What is the general equation for dS in terms of dT and dP?

 

[Another]

You are trying to do the adiabatic reversible compression, correct?

Yes. sir

What is the general equation for dS in terms of dT and dP?

let s = f(T,P)
$ds = (\frac{∂s}{∂T})_PdT + (\frac{∂s}{∂P})_TdP$

 

[Chestermiller]

Yes. sir
let s = f(T,P)
$ds = (\frac{∂s}{∂T})_PdT + (\frac{∂s}{∂P})_TdP$

In terms of $C_P$, what is $\frac{∂s}{∂T})_P$?
In terms of $\left(\frac{\partial V}{\partial T}\right)_P$, what is $(\frac{∂s}{∂P})_T$?

 

[Another]

In terms of $C_P$, what is $\frac{∂s}{∂T})_P$?
In terms of $\left(\frac{\partial V}{\partial T}\right)_P$, what is $(\frac{∂s}{∂P})_T$?
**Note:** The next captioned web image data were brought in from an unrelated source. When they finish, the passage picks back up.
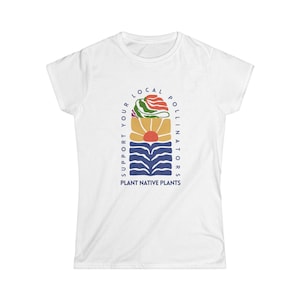 Camiseta con plantas nativas, camiseta para apoyar a los polinizadores locales, regalo para jardineros ecológicos.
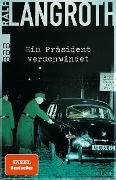 Ein Präsident verschwindet - Ralf Langroth
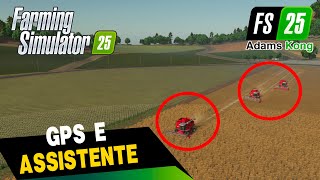 Como usar o GPS e o Assistente de direção no FS25  FARMING SIMULATOR 25 [upl. by Wrigley]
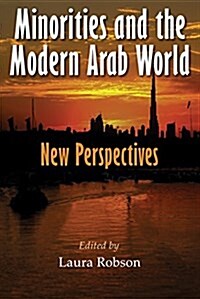Minorities and the Modern Arab World: New Perspectives (Paperback)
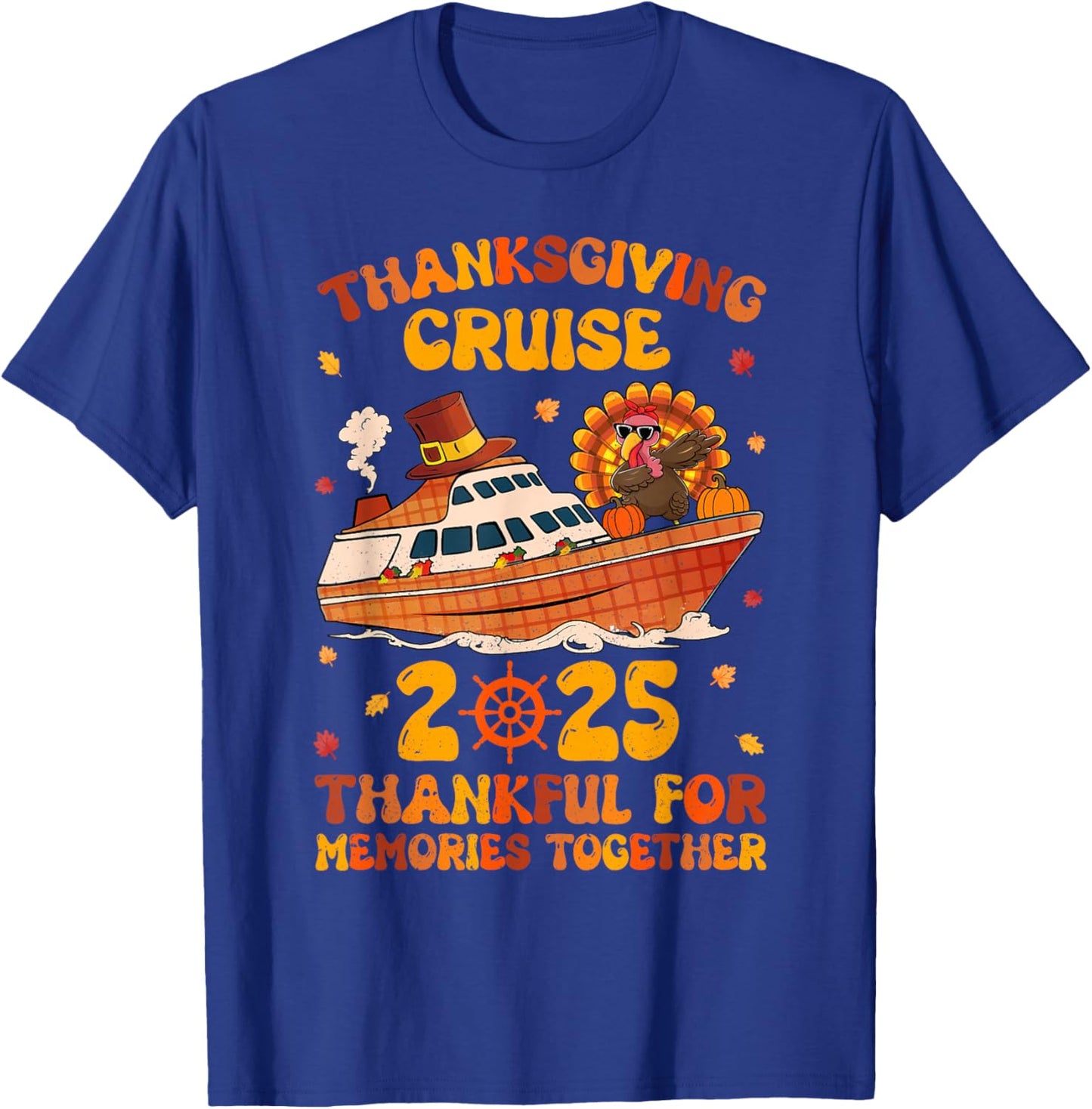 Thanksgiving Cruise 2025 Thankful For Memories Together T-Shirt - T-Shirt | Royal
let $s = f(P,T)$ , $u = f(P,Y)$ and $Tds = du + pdv$

$ds = (\frac{∂s}{∂P})_T dP + (\frac{∂s}{∂T})_P dT$
$du = (\frac{∂u}{∂P})_T dP + (\frac{∂u}{∂T})_P dT$
$Tds = (\frac{∂u}{∂P})_T dP + (\frac{∂u}{∂T})_P dT + Pdv$
$dp = 0$
$Tds = (\frac{∂u}{∂T})_P dT + Pdv$
$T(\frac{∂s}{∂T})_P = (\frac{∂u}{∂T})_P + P (\frac{∂v}{∂T})_P$
$(\frac{∂s}{∂T})_P = \frac{C_P}{T}$

In maxwell relation
$(\frac{∂s}{∂P})_T = - \left(\frac{\partial V}{\partial T}\right)_P$

 

[Chestermiller]

let $s = f(P,T)$ , $u = f(P,Y)$ and $Tds = du + pdv$

$ds = (\frac{∂s}{∂P})_T dP + (\frac{∂s}{∂T})_P dT$
$du = (\frac{∂u}{∂P})_T dP + (\frac{∂u}{∂T})_P dT$
$Tds = (\frac{∂u}{∂P})_T dP + (\frac{∂u}{∂T})_P dT + Pdv$
$dp = 0$
$Tds = (\frac{∂u}{∂T})_P dT + Pdv$
$T(\frac{∂s}{∂T})_P = (\frac{∂u}{∂T})_P + P (\frac{∂v}{∂T})_P$
$(\frac{∂s}{∂T})_P = \frac{C_P}{T}$

In maxwell relation
$(\frac{∂s}{∂P})_T = - \left(\frac{\partial V}{\partial T}\right)_P$

Good. So, if ds=0, what is dT/dP?

 

[Another]

Good. So, if ds=0, what is dT/dP?

$ds = (\frac{∂s}{∂P})_T dP + (\frac{∂s}{∂T})_P dT$
$0 = (\frac{∂s}{∂P})_T dP + (\frac{∂s}{∂T})_P dT$
$- (\frac{∂s}{∂P})_T dP = (\frac{∂s}{∂T})_P dT$
$(\frac{∂v}{∂T})_P = (\frac{∂s}{∂T})_P (\frac{∂T}{∂P})_s$ and $(\frac{∂v}{∂T})_P = v \alpha$
$(\frac{∂T}{∂P})_s = \frac{Tv \alpha}{C_p}$

I am not sure

 

[Chestermiller]

$ds = (\frac{∂s}{∂P})_T dP + (\frac{∂s}{∂T})_P dT$
$0 = (\frac{∂s}{∂P})_T dP + (\frac{∂s}{∂T})_P dT$
$- (\frac{∂s}{∂P})_T dP = (\frac{∂s}{∂T})_P dT$
$(\frac{∂v}{∂T})_P = (\frac{∂s}{∂T})_P (\frac{∂T}{∂P})_s$ and $(\frac{∂v}{∂T})_P = v \alpha$
$(\frac{∂T}{∂P})_s = \frac{Tv \alpha}{C_p}$

I am not sure

This is correct. So substitute the numbers in and let's see what you get for the temperature rise (don't forget to use absolute temperature).

 

[Another]

This is correct. So substitute the numbers in and let's see what you get for the temperature rise (don't forget to use absolute temperature).

I'm thankful for that.